§ **INPUT DATA**
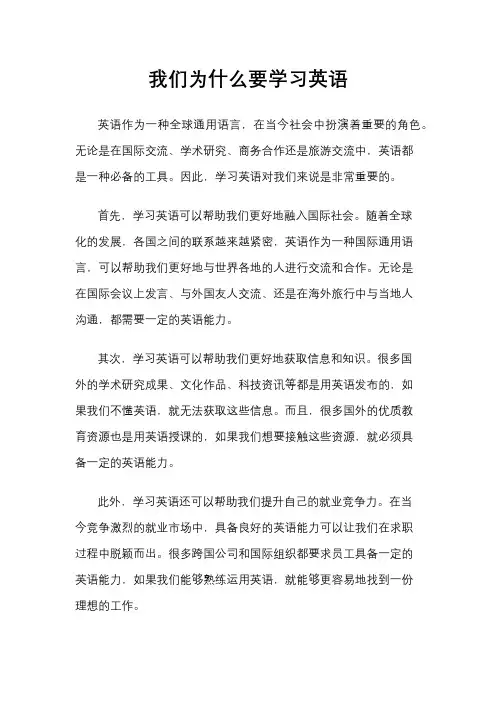 我们为什么要学习英语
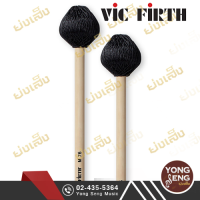 ไม้ไวบราโฟน Vic Firth (Hard) รุ่นM76 (Yong Seng Music)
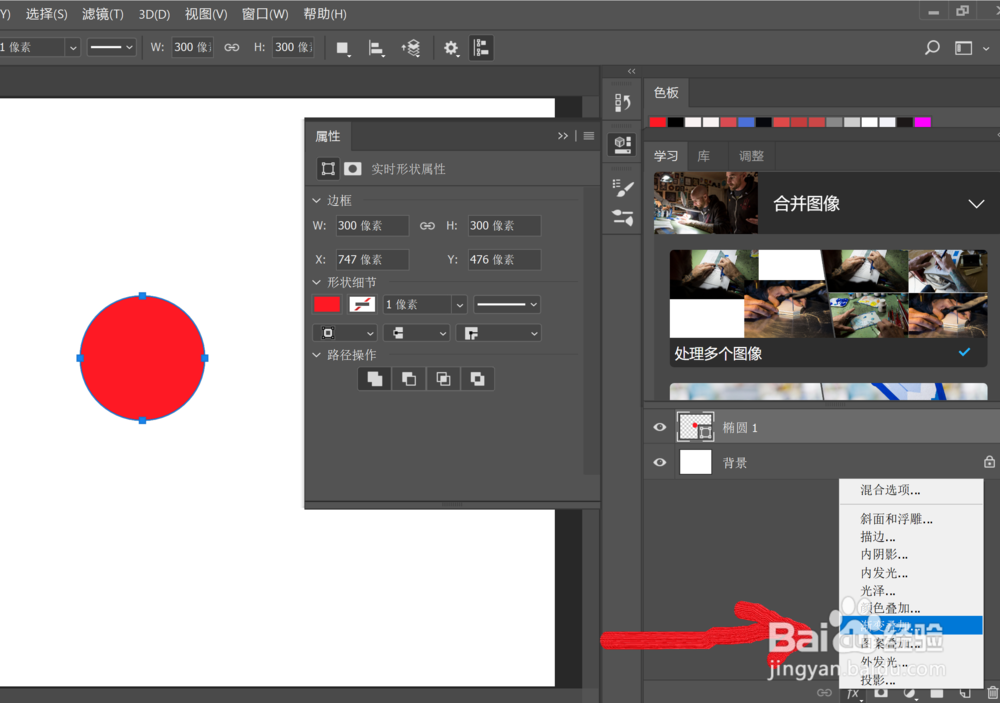 怎么使用PS制作按钮图样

§ **PROBLEM TO WORK ON**
Reproduce the listing verbatim, and keep the pictures out of the copy.

§ **EXPECTED ANSWER**
 我们为什么要学习英语
 ไม้ไวบราโฟน Vic Firth (Hard) รุ่นM76 (Yong Seng Music)
 怎么使用PS制作按钮图样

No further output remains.